July 20, 2018

Paperless

For the past few years I’ve been scanning all paper correspondence, be that something I receive via snail-mail, invoices, contracts or whatever else. This has been a huge improvement over not doing so. Before I had troubles finding documents when I needed them and usually had them lying around at home, not at hand when necessary.

Both of these issues are easily resolvable by having digital copies. They can be accessed remotely and are searchable. OCR software has gotten pretty fantastic as well, making it possible to search for certain keywords even in pretty bad scans.

Having used Evernote as a backing store for this database for years now, I’ve become rather dissatisfied with that platform. It’s slow, it’s primarily suited for different use cases and it’s gotten expensive as well. So I decided to migrate to something else, using the very cool software paperless. Here’s a short overview of my workflow using paperless.

Setup

I rent a VM to run most of the web-based application I use. Every application is managed via a docker-compose file. This makes it trivial to manage services with very different architectures, including paperless.

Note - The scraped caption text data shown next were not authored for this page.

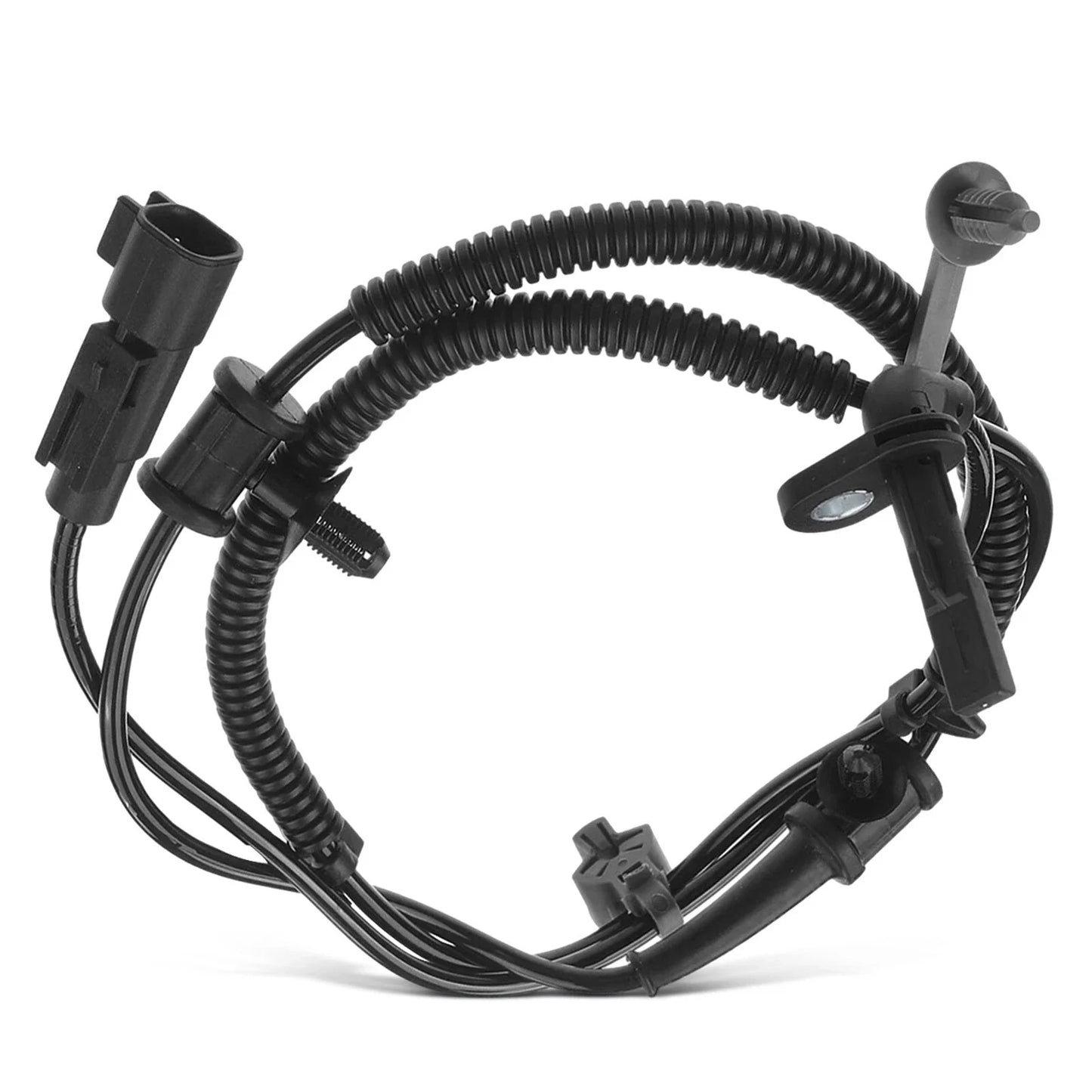 ABS Wheel Speed Sensor Rear Left for Chevrolet Impala Malibu Limited(2007–2016)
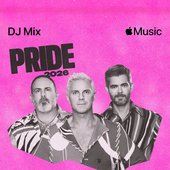 Pride 2026 (DJ Mix)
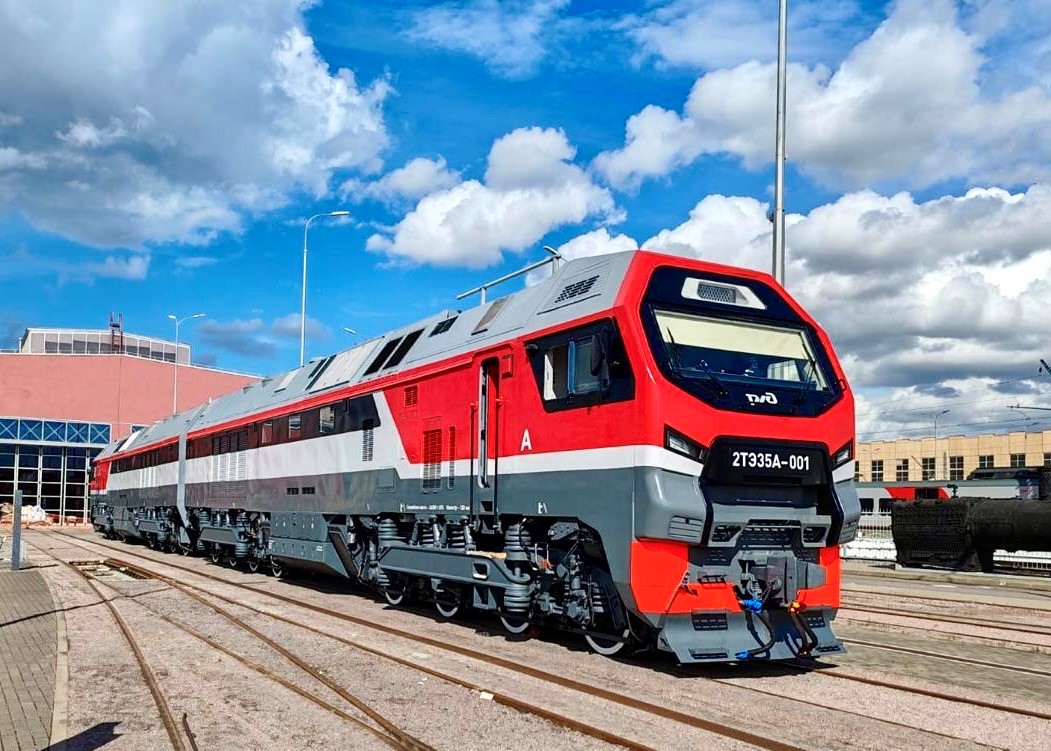 НОВИКОМ и «Синара — Транспортные машины» подписали кредитное соглашение на 10 млрд рублей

The docker-compose file looks something like the following. Please note that I did leave out a few details that are very specific to my setup, this won’t work as is. You’re at least going to have to manage exposing port 8000 of the server service.

version: '3'

services:
  server:
    image: danielquinn/paperless
    restart: always
    volumes:
      - /path/to/your/data:/usr/src/paperless/data
      - /path/to/your/media:/usr/src/paperless/media
      - /path/to/your/consume:/consume
    environment:
      - PAPERLESS_OCR_LANGUAGES=deu
    command: ["runserver", "0.0.0.0:8000"]

  consumer:
    image: danielquinn/paperless
    restart: always
    depends_on:
      - server
    volumes:
      - /path/to/your/data:/usr/src/paperless/data
      - /path/to/your/media:/usr/src/paperless/media
      - /path/to/your/consume:/consume
    command: ["document_consumer"]

Here I instantiate two services based on the same image, one running the paperless webserver, one running the paperless consumer service, which watches for new files in its consume directory. Paperless has three options of adding new files.

  • The consumer watches a directory and adds new files from there, removing them afterwards.
  • The consumer watches your mail account and adds files from specific emails.
  • New files are added via a POST request to the HTTP API.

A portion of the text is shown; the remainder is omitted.